If, however, the North Korean workers were instead contracted through a representative office of a North Korean company like GENCO, this picture no longer really holds true. Instead, the Russian companies would pay GENCO. GENCO would then be free to repatriate its payments in part or in full to the DPRK. This would make the attempted transfers discussed earlier look a little something like the following diagram (Figure 2).

Figure 2: Alternative understanding of attempted bulk cash transfers

While speculative, this understanding isn’t exactly unfounded. When the United States placed unilateral sanctions on GENCO, it did so for the “[…] exportation of workers from North Korea, including exportation to generate revenue for the Government of North Korea or the Workers’ Party of Korea.” Based on the Panel report, this may include the RGB.

As even a casual follower of North Korea’s sanctions evasions practices (if such a person exists) knows, North Korea has developed sophisticated means of circumventing sanctions. It’s not surprising that this would extend to the GENCO case. But the system for contracting out GENCO workers theorized above is still an important construct for sanctions-watchers to consider.

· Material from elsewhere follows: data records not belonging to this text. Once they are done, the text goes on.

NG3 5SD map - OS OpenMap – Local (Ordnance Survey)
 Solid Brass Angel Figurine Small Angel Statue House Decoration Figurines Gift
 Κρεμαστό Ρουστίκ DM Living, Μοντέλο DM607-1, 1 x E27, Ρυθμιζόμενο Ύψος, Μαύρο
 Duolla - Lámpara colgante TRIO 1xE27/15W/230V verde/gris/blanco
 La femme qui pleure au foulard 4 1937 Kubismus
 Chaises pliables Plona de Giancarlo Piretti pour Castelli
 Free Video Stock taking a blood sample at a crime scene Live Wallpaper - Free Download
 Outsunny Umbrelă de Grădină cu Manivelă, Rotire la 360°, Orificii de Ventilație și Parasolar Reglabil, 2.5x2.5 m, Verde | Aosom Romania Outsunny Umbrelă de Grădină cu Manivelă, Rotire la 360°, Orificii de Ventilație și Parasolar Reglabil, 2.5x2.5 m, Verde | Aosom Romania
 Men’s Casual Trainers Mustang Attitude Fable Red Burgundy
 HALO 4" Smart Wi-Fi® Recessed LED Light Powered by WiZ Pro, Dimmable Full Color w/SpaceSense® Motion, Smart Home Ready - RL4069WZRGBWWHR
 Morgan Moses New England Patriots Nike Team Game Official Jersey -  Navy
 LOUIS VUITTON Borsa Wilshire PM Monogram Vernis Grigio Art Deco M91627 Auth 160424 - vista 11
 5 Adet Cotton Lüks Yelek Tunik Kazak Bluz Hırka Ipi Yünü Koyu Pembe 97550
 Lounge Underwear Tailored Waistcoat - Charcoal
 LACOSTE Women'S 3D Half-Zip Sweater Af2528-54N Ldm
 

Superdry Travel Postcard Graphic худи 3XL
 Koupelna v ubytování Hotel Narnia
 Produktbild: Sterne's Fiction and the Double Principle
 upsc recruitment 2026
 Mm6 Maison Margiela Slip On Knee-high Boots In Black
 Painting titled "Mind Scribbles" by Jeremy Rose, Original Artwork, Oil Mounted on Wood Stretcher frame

The reason the system described is theoretical at this point is due to a lack of information. We don’t have access to contracts, should they exist, between GENCO and the Russian LLCs. It’s not clear that Russia, when deciding whether to authorize the employment of DPRK nationals, would either. If nothing else, this presents an enhanced argument for why it is important that countries fulfill their obligations under UN Security Council resolution 2397 (2017) to repatriate all North Korean workers in their territory by the end of 2019.